Amo il fantasy perché anche in questi nostri anni ci ha dato non solo dei capolavori indimenticabili, basti ricordare le opere di Tolkien!, ma anche dei libri forse non immortali ma comunque gradevoli, che almeno per un poco ci possono far dimenticare la cartella delle tasse, i treni in ritardo, la raccolta differenziata della spazzatura, le diatribe dei nostri politici, ecc. ecc.: tutte quelle delizie, insomma, che rallegrano la vita dell’uomo moderno.

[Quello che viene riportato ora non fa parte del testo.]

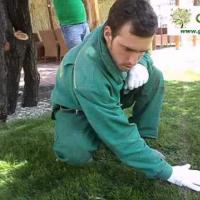 Как выглядит только что скошенный газон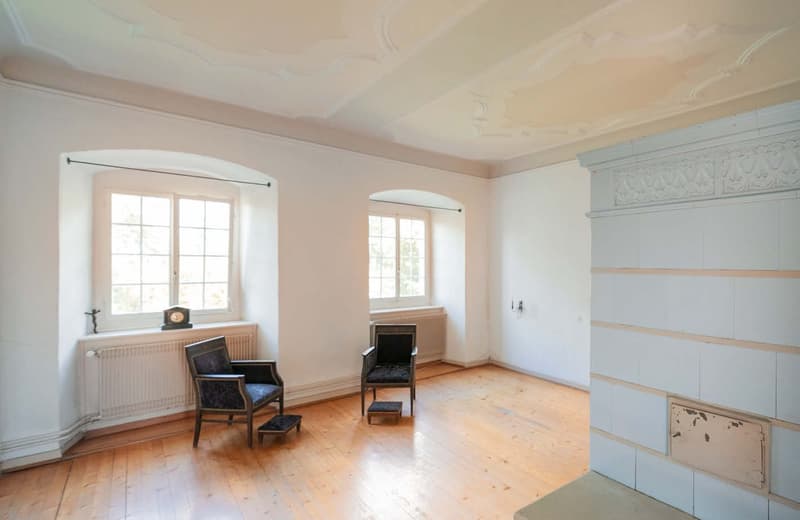 empty room, hardwood floor, white walls, fireplace, arched windows, arched doorways, radiators, clock on window sill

E questo infatti è l’ultimo, e il più importante, motivo per cui amo il fantasy, e lo leggo e lo scrivo: è un mezzo per sentirsi, almeno per un poco, più liberi, liberi di lasciar correre l’immaginazione in altri mondi, di vivere avventure incredibili, di assistere ad azioni stupefacenti salvo poi, chiuso il libro o spento il computer, a tornare alla realtà di tutti i giorni, ma con un pizzico in più di speranza e di coraggio, cose che ci hanno lasciato in eredità le storie e i personaggi fantasy.
E se i miei cinque motivi vi sembrano validi, fan di questo genere, forza!
Difendiamo i nostri amati libri dai loro detrattori senza paura di essere derisi e liberiamo il fantasy dal limbo dove gli “intellettuali” lo hanno rinchiuso!